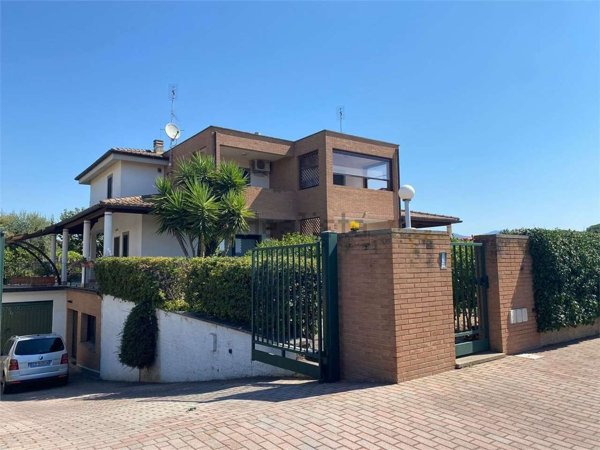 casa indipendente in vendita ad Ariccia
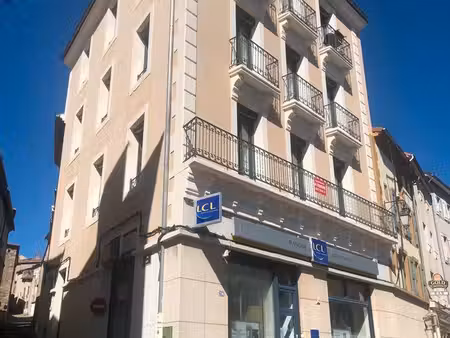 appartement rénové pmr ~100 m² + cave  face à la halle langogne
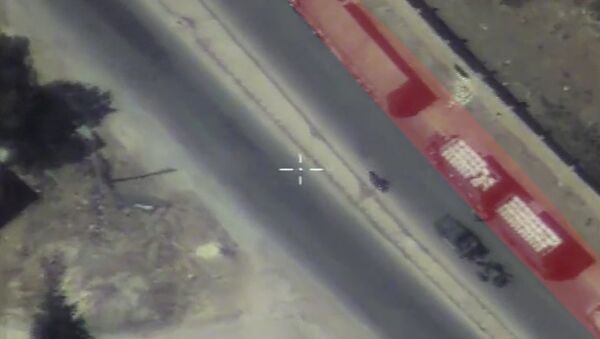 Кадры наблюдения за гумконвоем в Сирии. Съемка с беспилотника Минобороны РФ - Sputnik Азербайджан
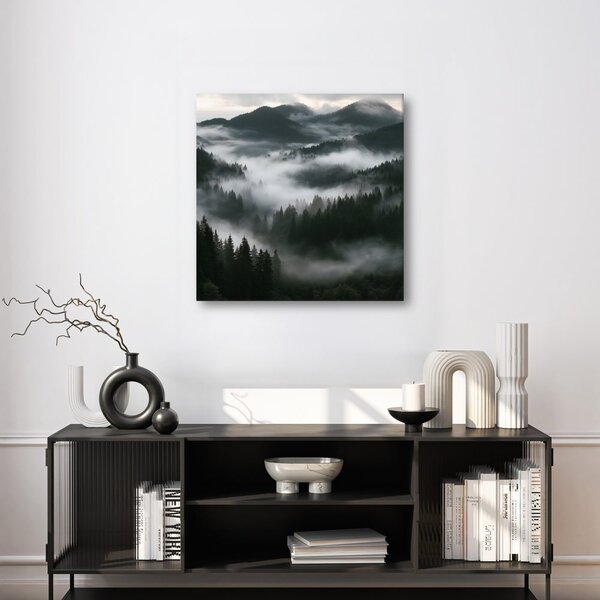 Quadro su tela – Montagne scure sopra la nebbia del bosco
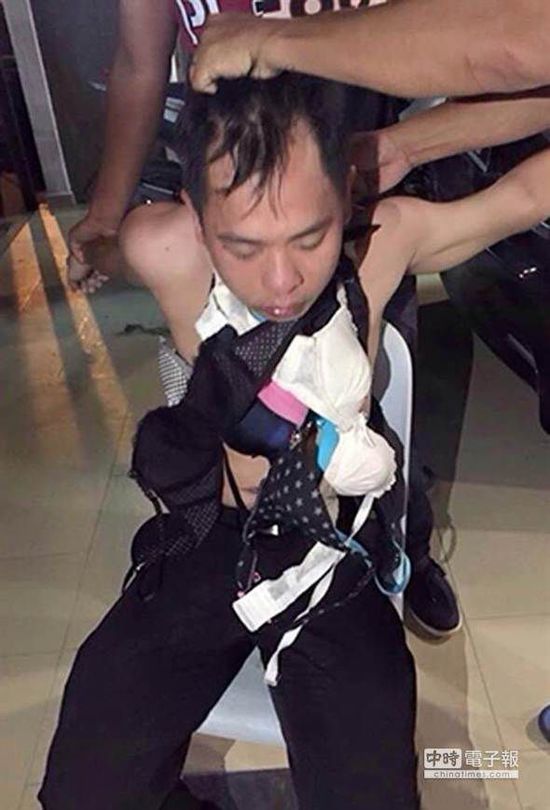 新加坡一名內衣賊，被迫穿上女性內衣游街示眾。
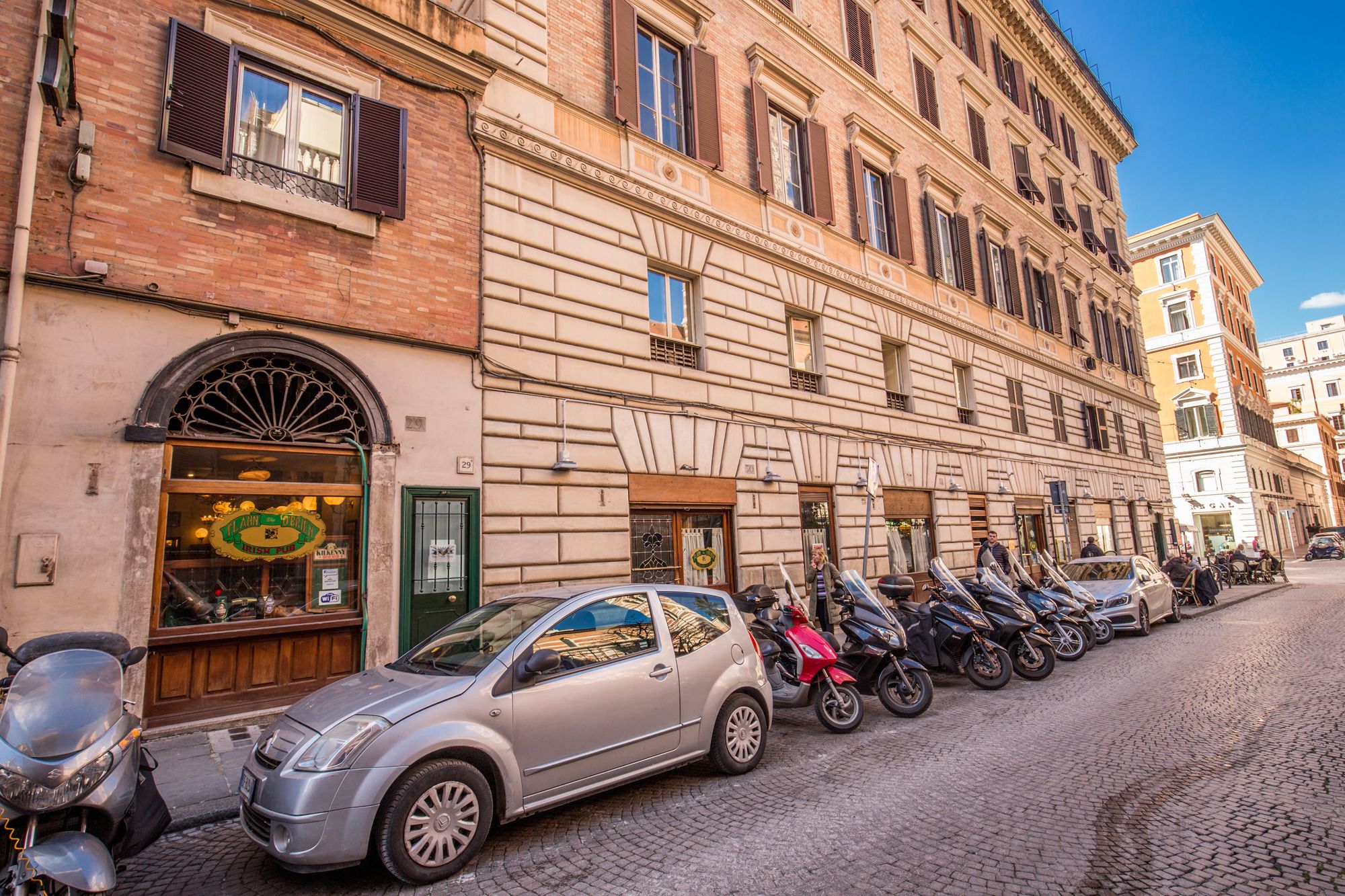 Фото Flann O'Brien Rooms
* * *
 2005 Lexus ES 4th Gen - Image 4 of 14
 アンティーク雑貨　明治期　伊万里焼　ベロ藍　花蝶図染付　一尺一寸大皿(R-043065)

▶ Work item: Of the lines above, quote exactly those from the one with "casa indipendente in vendita ad Ariccia" through the one with "Фото Flann O'Brien Rooms", ends included; pictures stay out.

▶ Exercise response:
 casa indipendente in vendita ad Ariccia
 appartement rénové pmr ~100 m² + cave  face à la halle langogne
 Кадры наблюдения за гумконвоем в Сирии. Съемка с беспилотника Минобороны РФ - Sputnik Азербайджан
 Quadro su tela – Montagne scure sopra la nebbia del bosco
 新加坡一名內衣賊，被迫穿上女性內衣游街示眾。
 Фото Flann O'Brien Rooms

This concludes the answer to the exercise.